Align business strategies
Adani and Ambani are both from Gujarat state in western India, as is Modi, who served as head of state for over a decade. The two tycoons have repeatedly aligned their business strategies with Modi’s nation-building initiatives.
About two decades ago, Adani solidified his ties with Modi by publicly supporting him when a crisis threatened to end the politician’s growing career. Modi was attacked by rivals and businessmen who accused him of failing to prevent bloody sectarian riots in his home state in 2002. Adani created a rival regional industrial lobby and helped launch a Biannual Investment Summit in Gujarat in 2003 which boosted pro credentials.
Like the famous South Korean chaebol, Indian conglomerates have been at the forefront of India’s economic growth, especially since a currency crisis forced the government in 1991 to revisit decades of planning Soviet style. The modest reforms launched three decades ago have begun to allow private investment in sectors mainly controlled by the government. With strained public finances, the capital-strapped economy has increasingly turned to these tycoons to invest and create jobs.
Ambani spent most of 2020 raising $ 27 billion in equity investments – a record for India – for its technology and retail operations from investors such as Google and Facebook Inc. He has defined an ambitious plan to make these units a strong rival for local e-commerce. to Amazon.com Inc. and Walmart Inc. The Adani Group, which started as a commodities trader in 1988, has rapidly grown to become the leading private sector port operator and power producer in India.
“India’s position is similar to the American Golden Age, with Ambani and Adani as the modern Rockefellers and Vanderbilts in the second half of the 19th century,” said James Crabtree, author of The Billionaire Raj: A Journey Through India’s New Gilded Age.
During the so-called Golden Age, the United States experienced rapid growth and industrialization, mostly led by a group of powerful business families. But it also led to worsening inequalities that sparked labor unrest and railroad strikes. The US government finally intervened.
To be fair, many East Asian countries followed this development path relying on their “favorite nation-building tycoons,” Crabtree said, but they were mostly autocratic regimes. . “The questions for India are: is this the right model, and can India even succeed?”

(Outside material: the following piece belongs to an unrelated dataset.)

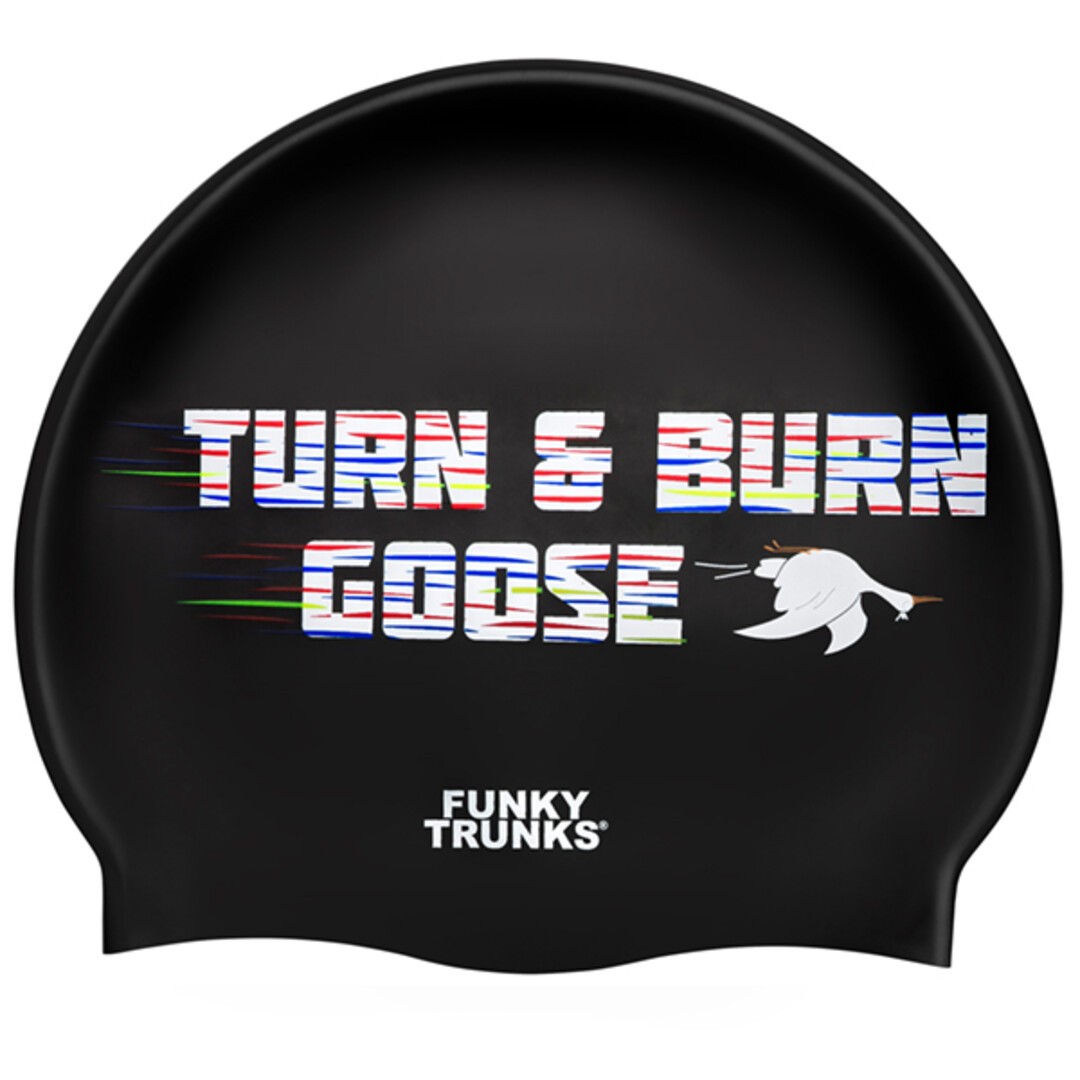 Burn Goose  Silicone Swimming Cap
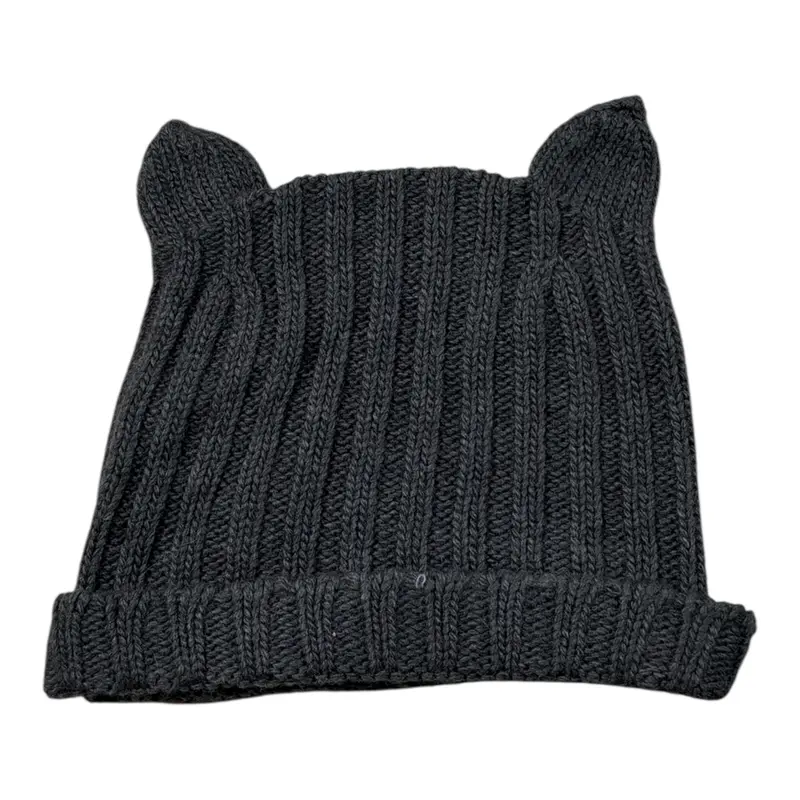 Wedoble Cappello tinta unita con Orecchie Grigio Scuro per Neonato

Farmers who protest worry about the scale of the ambitions of the two magnates. They are pushing for the laws to be withdrawn and demanding a guaranteed minimum support price for their products.
“Farmers believe that these two big companies have ties to India’s power center and have become symbols of crony capitalism,” said Darshan Pal, a senior leader of the Krantikari Kisan Union of the Punjab.

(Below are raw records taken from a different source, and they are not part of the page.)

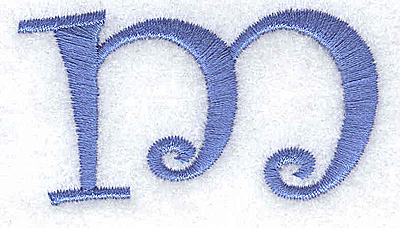 Embroidery Design: m lower case<br> 2.40w X 1.31h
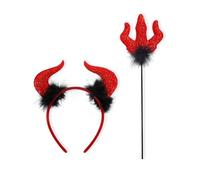 Zkydhbd Bandeau de cosplay diable pour garçon et fille adulte - Accessoires de déguisement d'Halloween pour carnaval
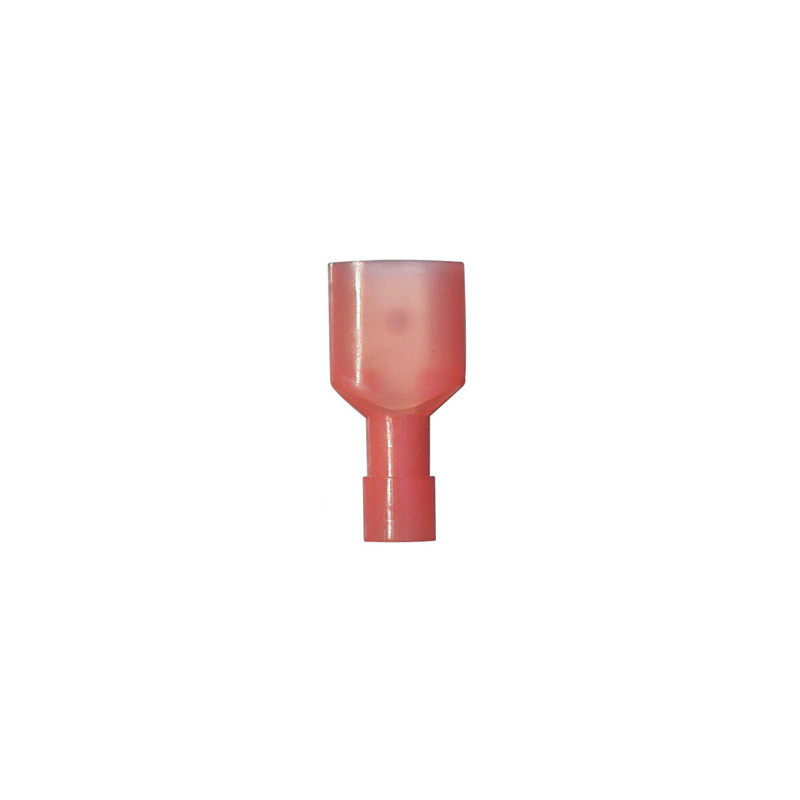 MANNELIJK VOLLEDIG GEÏSOLEERD VLAKSTEKERHULS KABELSCHOEN  6,35 x 0,8 mm (0,3 → 1,5 mm²)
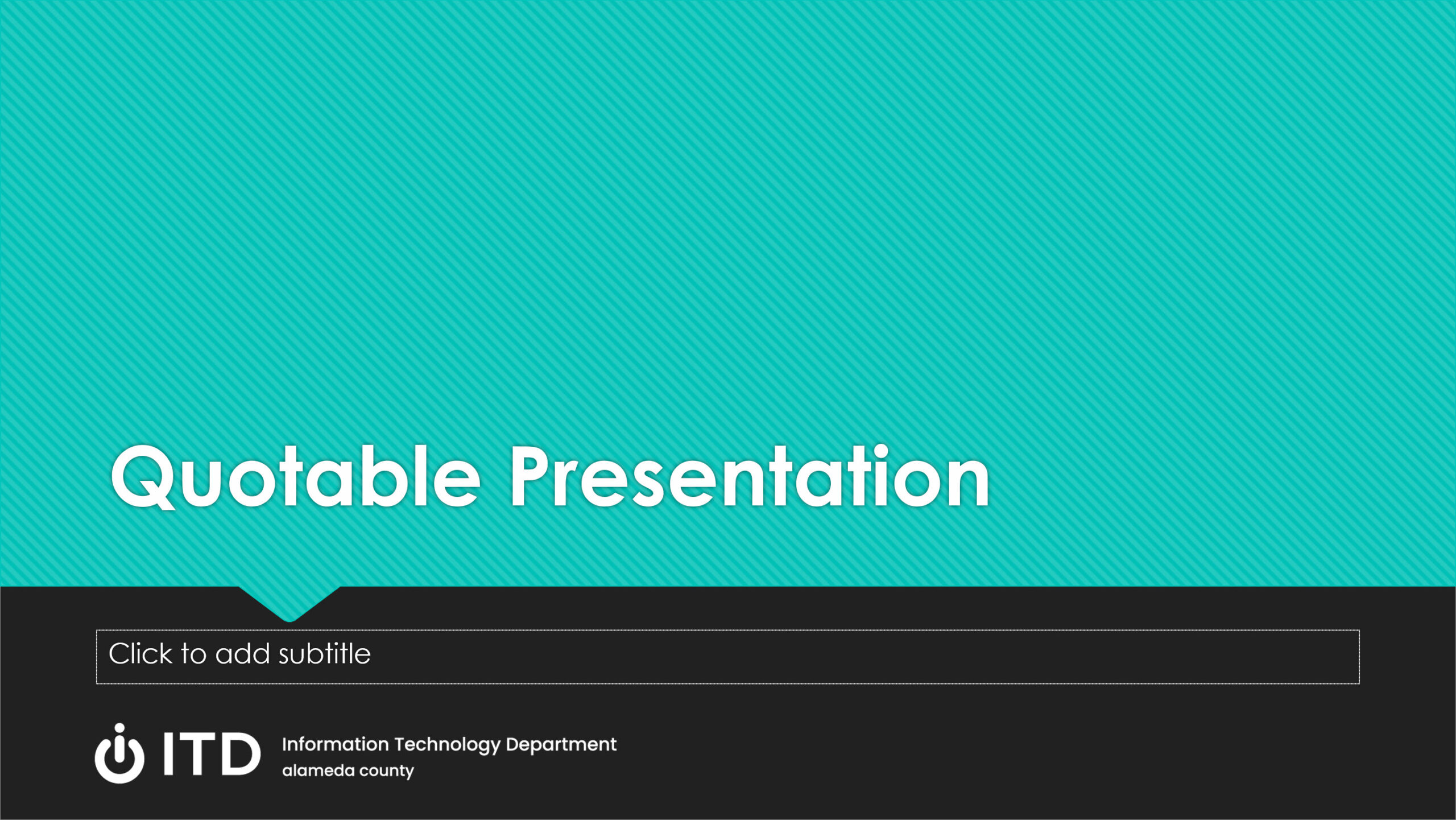 Screenshot of presentation title slide.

Meanwhile, Adani’s offer for an airport lease is met with opposition after the local government in the southern state of Kerala legally challenged it. A state minister said last year that Adani winning the nomination was “an act of cheeky cronyism.”

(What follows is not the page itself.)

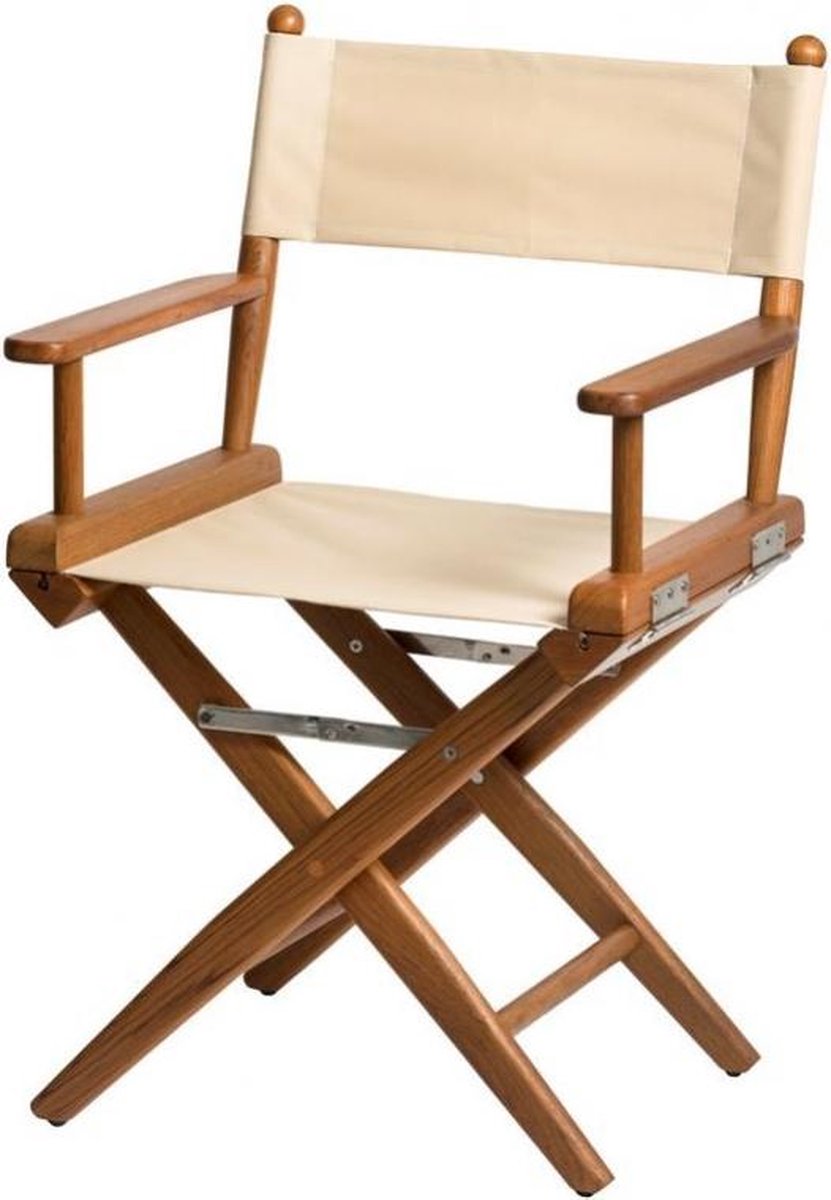 Regiestuhl Teak DeLuxe mit Sitzfläche aus Segeltuch - Bild 3 von 6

In an Indian court, the Adani Group dismissed the claims and said it won the offer through a competitive process. The Supreme Court is expected to hear Kerala’s appeal soon, after a lower court ruled in Adani’s favor.
In the aftermath of the protests, many Reliance retail stores have remained closed for months in the Punjab, causing millions of dollars in losses. Appealing to the Punjab government last month, Reliance demanded protection for its infrastructure and workers, according to a letter seen by Bloomberg News, the contents of which were confirmed by a company spokesperson. The conglomerate also went to court for redress.
“Until the income and opportunity gap is significantly narrowed by state policy, we can expect those at the top of the pyramid to invite the wrath of the growing base. of unjust and unequal India, ”said Nikita Sud, who teaches international development. at the University of Oxford.